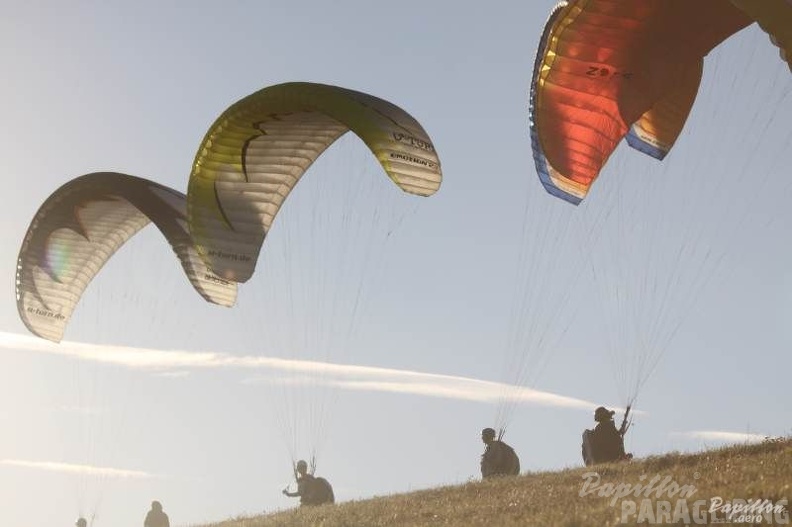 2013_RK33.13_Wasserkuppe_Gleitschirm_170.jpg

######

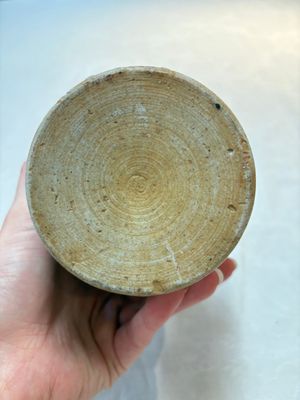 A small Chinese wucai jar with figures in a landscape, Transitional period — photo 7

######

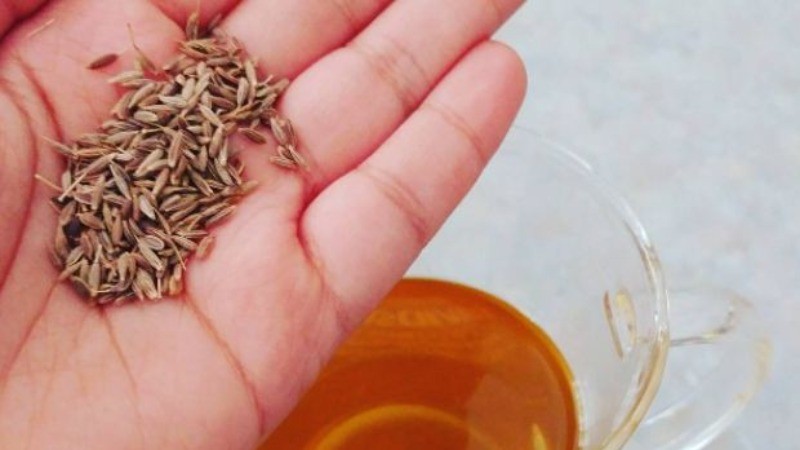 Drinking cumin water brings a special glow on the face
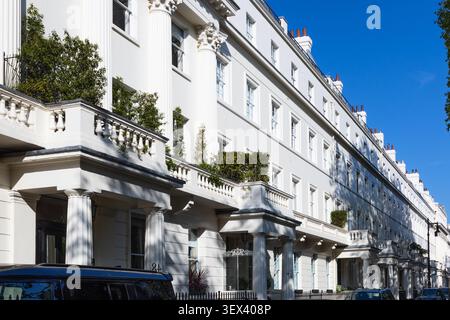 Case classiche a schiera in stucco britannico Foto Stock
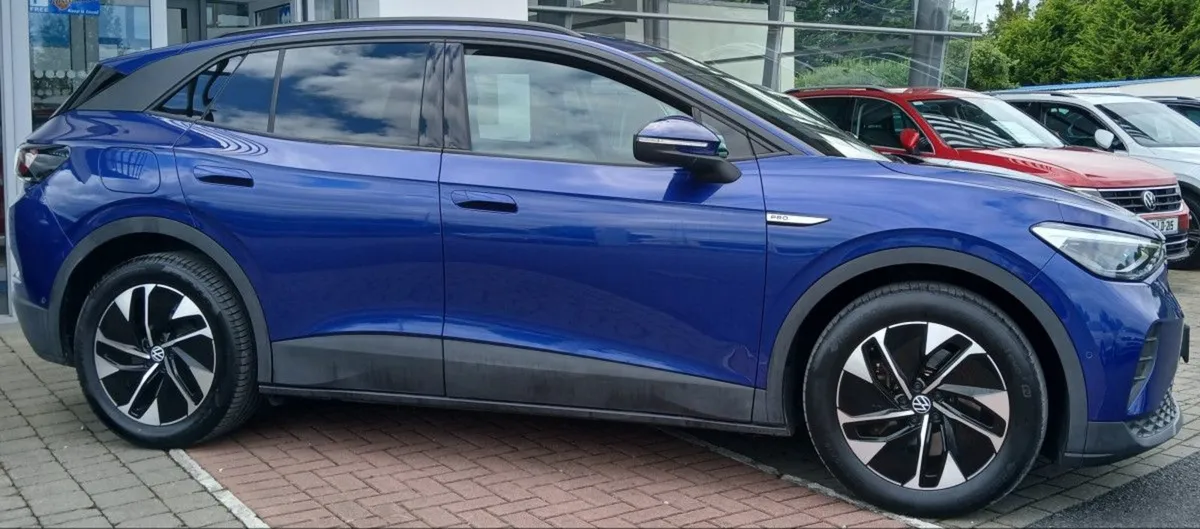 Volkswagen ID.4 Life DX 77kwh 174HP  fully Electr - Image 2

######

## About this task
Out of the records above, please copy exactly the lines from the line with "Case classiche a" up to and including the line with "Volkswagen ID.4 Life", minus the pictures.

## Result of the exercise
 Case classiche a schiera in stucco britannico Foto Stock
 Volkswagen ID.4 Life DX 77kwh 174HP  fully Electr - Image 2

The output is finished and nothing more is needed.